Small and growing businesses are key contributors to Vietnam’s economic growth, accounting for 40% of GDP and 60% of total employment in 2018. However, these businesses face barriers and constraints impeding their continued and sustained growth, including new technologies, networking, market linkages, and lack of access to management training and skills building opportunities.
In the context of increasing international integration, Vietnamese goods must ensure conditions of environmental protection, safety, high quality, low cost, great competitiveness, domestic market dominance and deep penetration of international markets, according to insiders.
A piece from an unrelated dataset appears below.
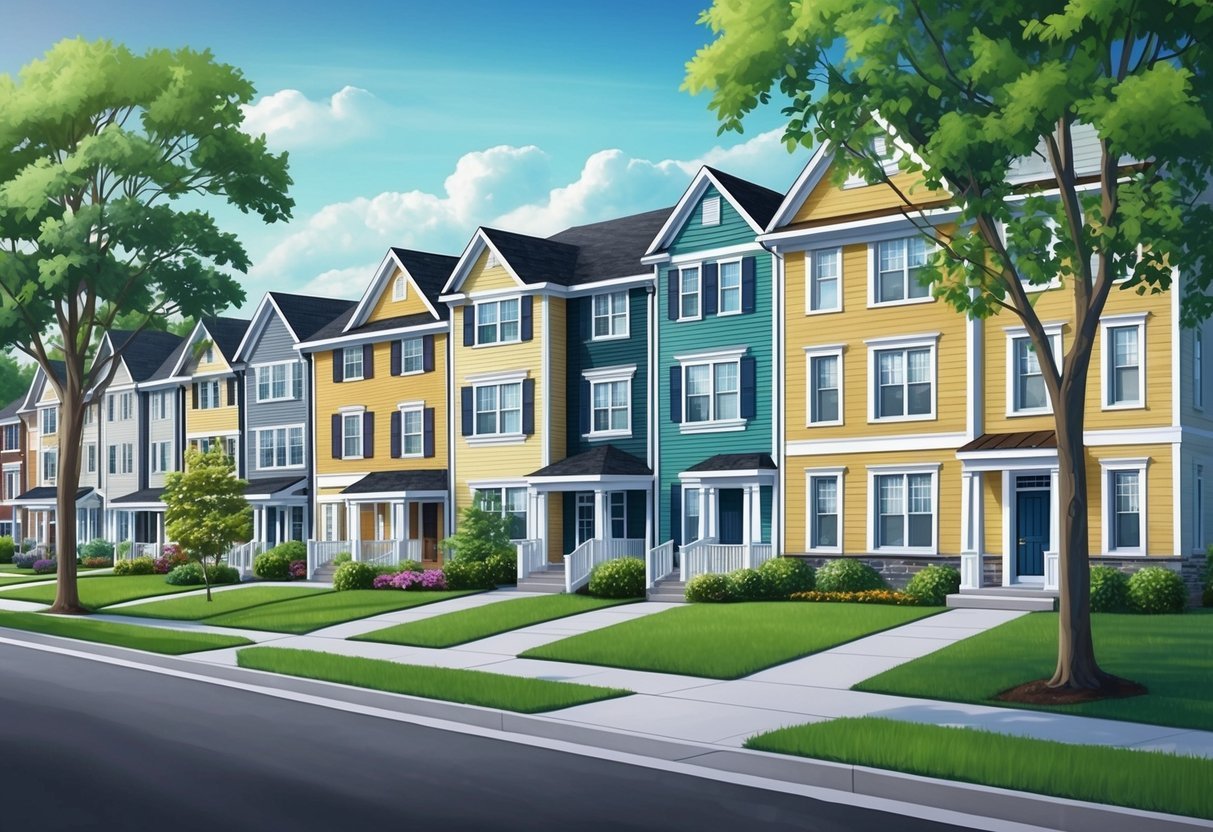 A row of diverse residential properties, from single-family homes to apartment buildings, surrounded by trees and greenery, with a clear focus on long-term investment and wealth building through real estate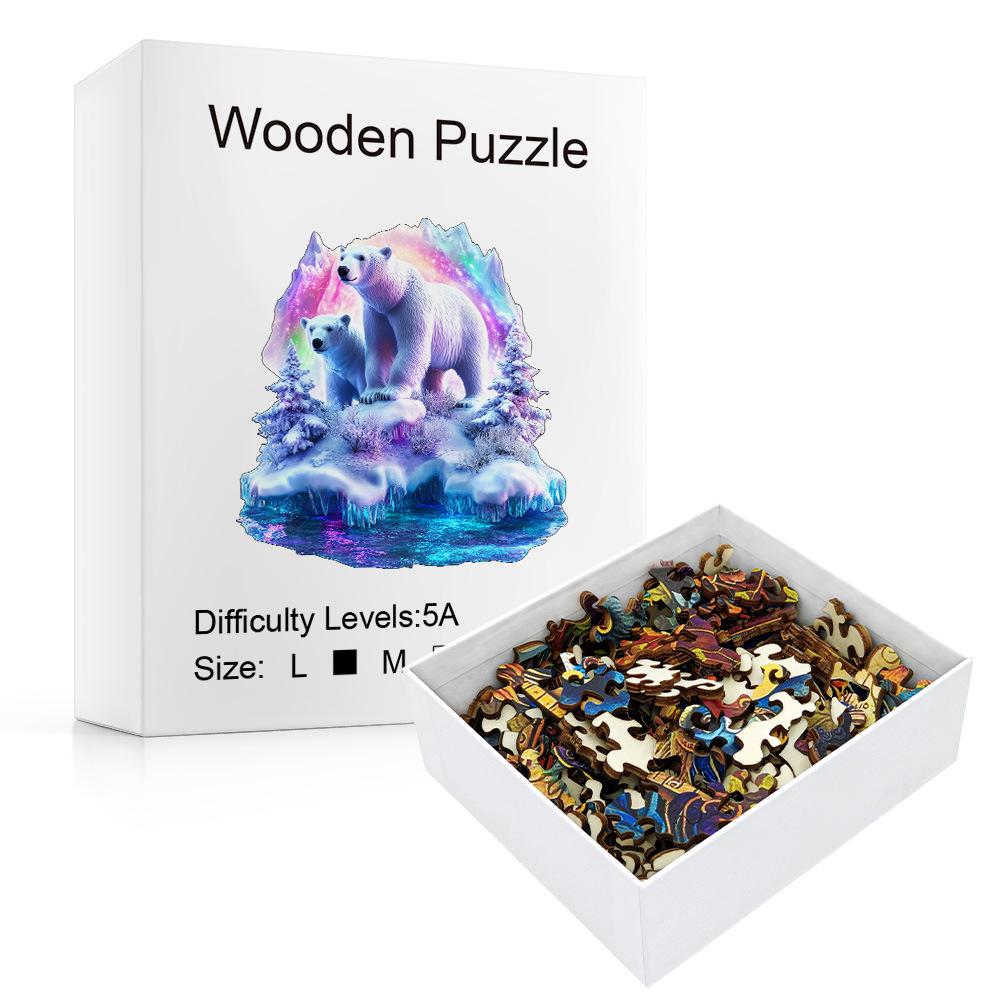 Polar Bear House In The Snow Wooden Puzzle Irregular Small Animal Pieces Flat Wooden Puzzle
At the evemt. Photo: USAID |
USAID’s new Improving Private Sector Competitiveness project will encourage broad-based, inclusive economic growth through improved business practices, innovation and technology adoption, policy reform, and increased market access.
This project will foster locally-led, locally-owned solutions that leverage the strength of the Vietnamese talent pool, including the promotion of “Made by Vietnam” products, services, and technologies, as well as solutions that contribute to improving the business enabling environment.
“This new project is USAID’s flagship effort to help Vietnam harness its entrepreneurial spirit in facilitating a dynamic, Vietnam-led transformation of the private sector into one that can compete globally, and provide more equal opportunity for all,” said USAID Mission Director Ann Marie Yastishock at the launch event.
Yastishock lauded MPI for its long-running partnership with USAID. She called on key stakeholders, from policymakers to the private sector, to “work hand-in-hand” with USAID and MPI to achieve the project’s ambitious targets.
Over the life of the project, the Improving Private Sector Competitiveness project aims to support 5,000 small and growing businesses, with 240 businesses successfully participating in domestic, regional and international markets, and 60 pioneering these businesses successfully creating value-added products and positioning their “Made by Vietnam” brands in regional and global markets.
Need to makes effective use of FTAs
Statistics show that trade turnover hit US$668.5 billion in 2021, rising 22.6% from the previous year. Notably, exports increased 19%, helping maintain a trade surplus for the sixth consecutive year, the Cong Thuong (Industry & Trade) newspaper reported.
Shipments to the markets having free trade agreements (FTAs) with Vietnam posted growth last year, including China (15%), the US (24.2%), the EU (14%), ASEAN (25.8%), the Republic of Korea (15.8%), India (21%), New Zealand (42.5%), and Australia (3.1%).
Nguyen Canh Cuong, Minister-Counsellor at Vietnam’s trade office in the UK and Ireland, said the UK - Vietnam FTA (UKVFTA) has given enterprises of Vietnam more competitive edges. If they can sustain partners’ trust, fulfil delivery commitments, and ensure product quality, Vietnamese goods will have an expanding market share in the UK in the time ahead.
An official from the MoIT’s Foreign Trade Agency held that to enhance farm produce’s competitiveness in the EU, businesses should pay more attention to product quality, food safety, technical barriers, rules of origin, and brand development.
In 2022, bilateral and multilateral FTAs, including the Regional Comprehensive Economic Partnership (RCEP) that took effect on Jan. 1, will continue to give an impetus to Vietnam’s economic growth.
Experts said to go faster and farther, the prerequisites are businesses’ efforts and proactiveness to improve their competitiveness, make innovation, and seize opportunities in the new context, Cong Thuong reported.